Avec la Bourse, s’imposera la vérité des prix et du pouvoir. Ainsi vont s’installer les nouveaux parrains du techno-capitalisme mondial. Ce carrousel confirme l’extraordinaire force créatrice du capitalisme américain. Ces fortunes ne sont pas celles d’héritiers, de rentes accumulées sur le dos de salariés, mais le fruit d’innovations majeures, brutales. En quelques années, Altman et Amodei ont créé 2 000 milliards de dollars de valeur ex nihilo, plus des deux tiers du CAC 40. Les milliardaires américains et leur fortune, ce n’est pas un stock ni une classe sociale, c’est un flux qui se régénère sans cesse. Ces entrepreneurs sont des créateurs venus le plus souvent de la classe moyenne. Qui pouvait imaginer que Jensen Huang, immigré de Taïwan, transforme Nvidia, l’entreprise de puces pour jeux vidéo qu’il avait créée en 1993, en société faîtière de l’IA et première capitalisation du globe ?
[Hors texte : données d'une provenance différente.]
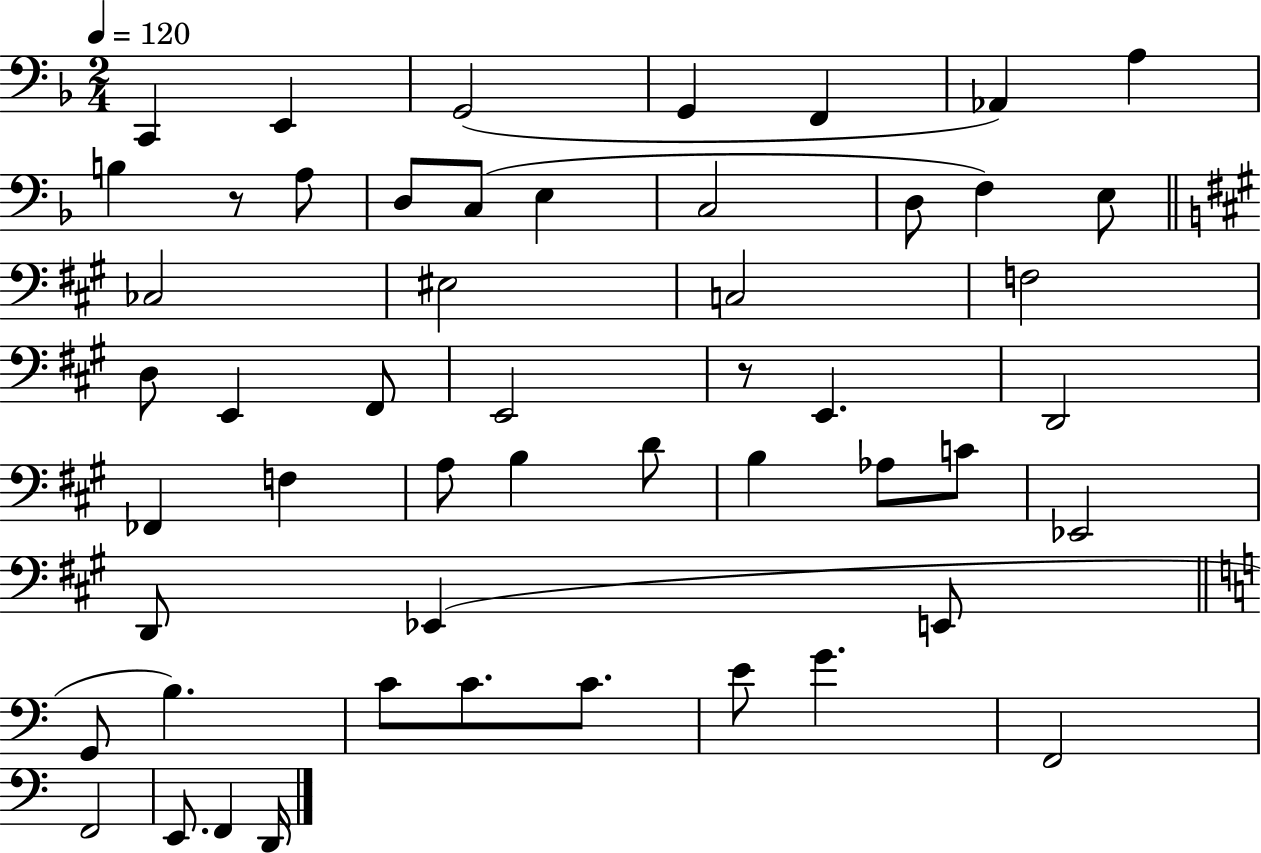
C2/q E2/q G2/h G2/q F2/q Ab2/q A3/q B3/q R/e A3/e D3/e C3/e E3/q C3/h D3/e F3/q E3/e CES3/h EIS3/h C3/h F3/h D3/e E2/q F#2/e E2/h R/e E2/q. D2/h FES2/q F3/q A3/e B3/q D4/e B3/q Ab3/e C4/e Eb2/h D2/e Eb2/q E2/e G2/e B3/q. C4/e C4/e. C4/e. E4/e G4/q. F2/h F2/h E2/e. F2/q D2/s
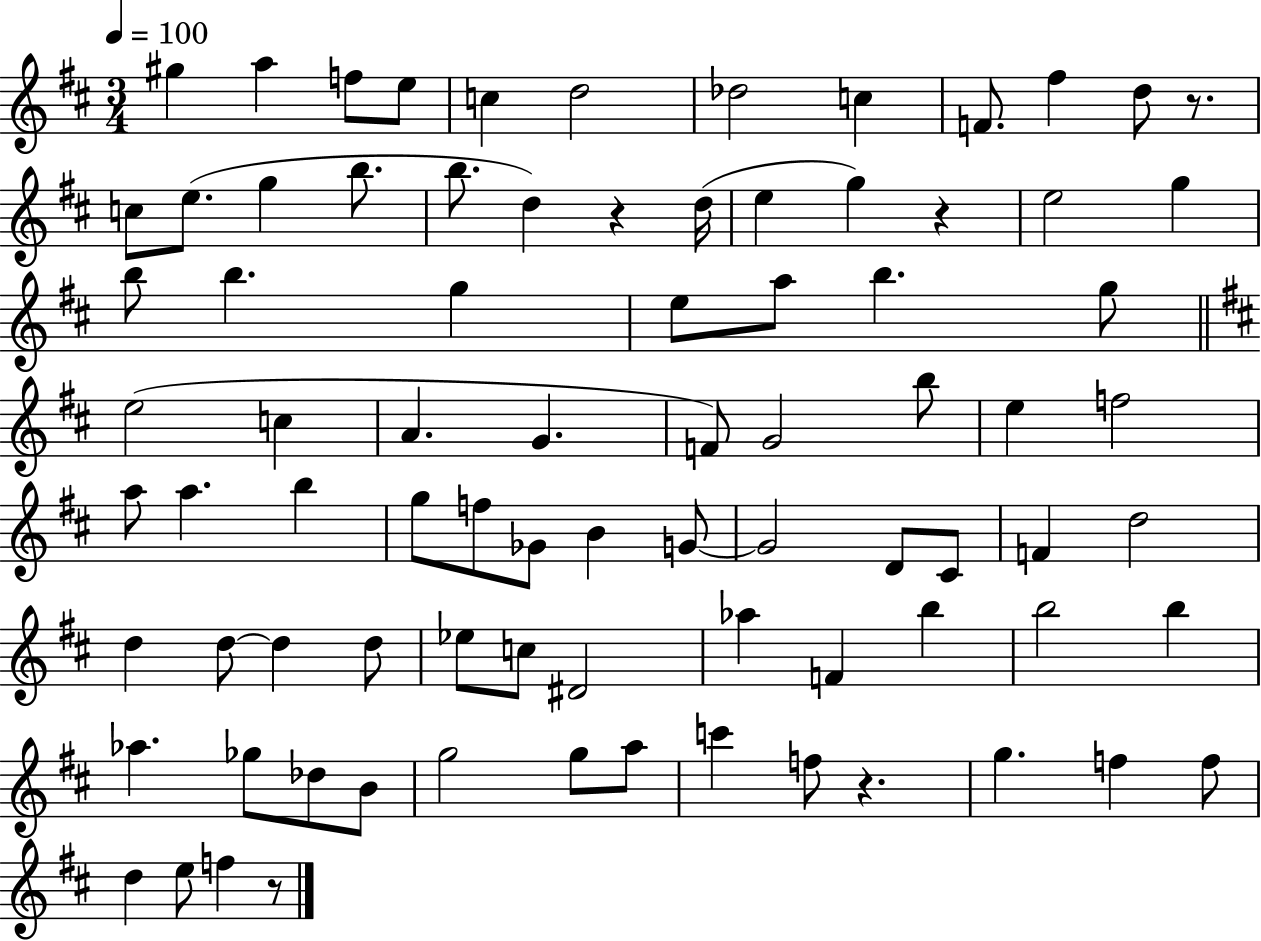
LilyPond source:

{
  \clef treble
  \numericTimeSignature
  \time 3/4
  \key d \major
  \tempo 4 = 100
  \repeat volta 2 { gis''4 a''4 f''8 e''8 | c''4 d''2 | des''2 c''4 | f'8. fis''4 d''8 r8. | \break c''8 e''8.( g''4 b''8. | b''8. d''4) r4 d''16( | e''4 g''4) r4 | e''2 g''4 | \break b''8 b''4. g''4 | e''8 a''8 b''4. g''8 | \bar "||" \break \key d \major e''2( c''4 | a'4. g'4. | f'8) g'2 b''8 | e''4 f''2 | \break a''8 a''4. b''4 | g''8 f''8 ges'8 b'4 g'8~~ | g'2 d'8 cis'8 | f'4 d''2 | \break d''4 d''8~~ d''4 d''8 | ees''8 c''8 dis'2 | aes''4 f'4 b''4 | b''2 b''4 | \break aes''4. ges''8 des''8 b'8 | g''2 g''8 a''8 | c'''4 f''8 r4. | g''4. f''4 f''8 | \break d''4 e''8 f''4 r8 | } \bar "|."
}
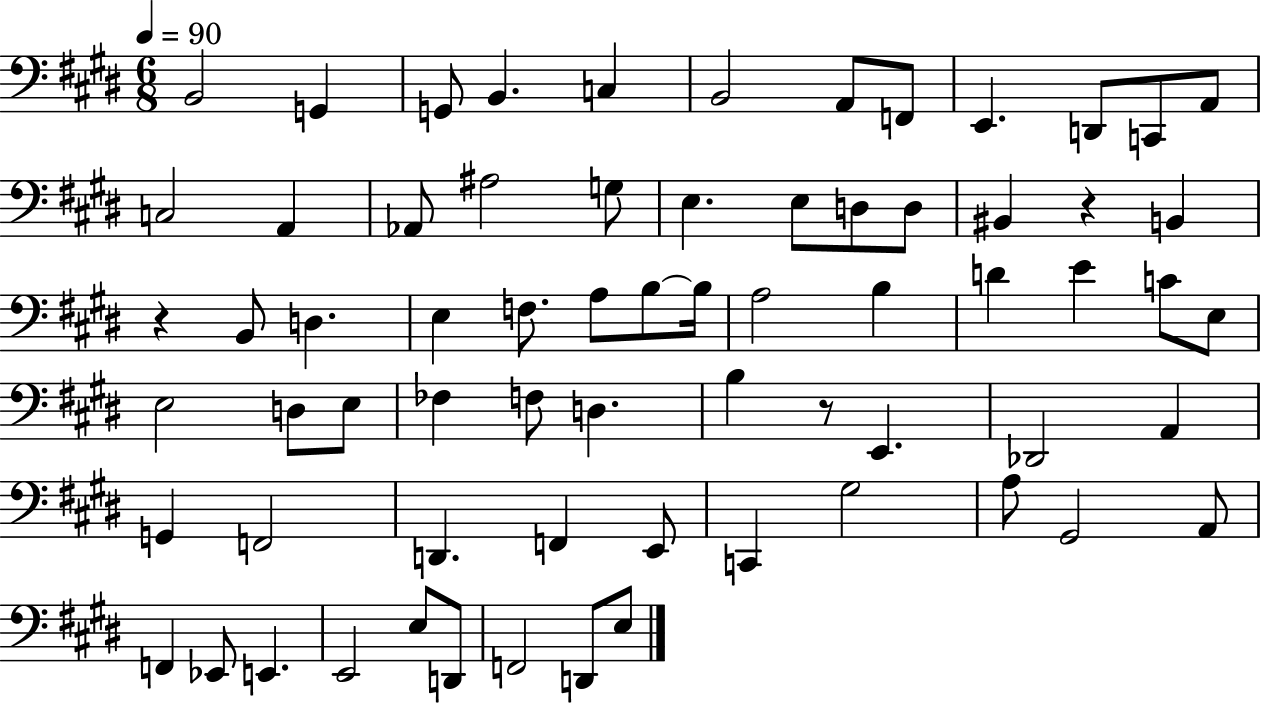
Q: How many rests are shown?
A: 3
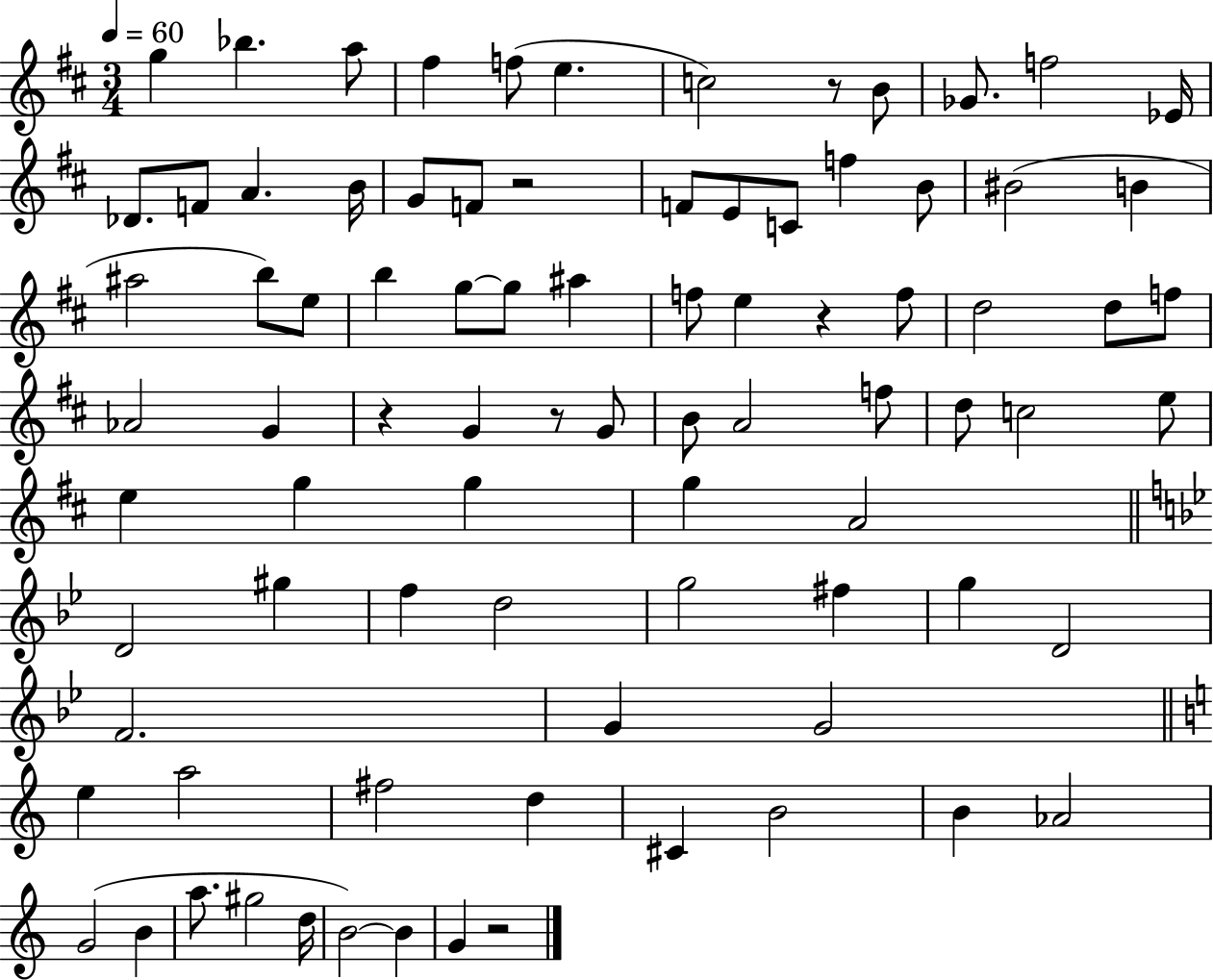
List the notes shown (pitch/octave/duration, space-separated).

G5/q Bb5/q. A5/e F#5/q F5/e E5/q. C5/h R/e B4/e Gb4/e. F5/h Eb4/s Db4/e. F4/e A4/q. B4/s G4/e F4/e R/h F4/e E4/e C4/e F5/q B4/e BIS4/h B4/q A#5/h B5/e E5/e B5/q G5/e G5/e A#5/q F5/e E5/q R/q F5/e D5/h D5/e F5/e Ab4/h G4/q R/q G4/q R/e G4/e B4/e A4/h F5/e D5/e C5/h E5/e E5/q G5/q G5/q G5/q A4/h D4/h G#5/q F5/q D5/h G5/h F#5/q G5/q D4/h F4/h. G4/q G4/h E5/q A5/h F#5/h D5/q C#4/q B4/h B4/q Ab4/h G4/h B4/q A5/e. G#5/h D5/s B4/h B4/q G4/q R/h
Comme naguère Bill Gates, Jeff Bezos et Mark Zuckerberg, les maîtres de l’IA seront haïs, forcément haïs. Pour leur fortune, mais aussi pour leur transformation de la société. C’est déjà le cas d’Elon Musk, entrepreneur libertarien passé par le trumpisme dont la fortune est estimée par Bloomberg à 658 milliards de dollars. Sam Altman et Dario Amodei disposent pour l’instant des fortunes « modestes » à l’aune des critères américains – 3,5 milliards et 7 milliards, selon Bloomberg. Mais cela peut changer avec les forfaits octroyés lors de l’introduction en Bourse. Ils incarnent la puissance de l’IA qui excite et angoisse à la fois les Etats-Unis : des centres de données qui pompent eau et électricité des collectivités, peur de la disparition des emplois qualifiés, addiction à venir comparable à celle provoquée par Instagram et TikTok.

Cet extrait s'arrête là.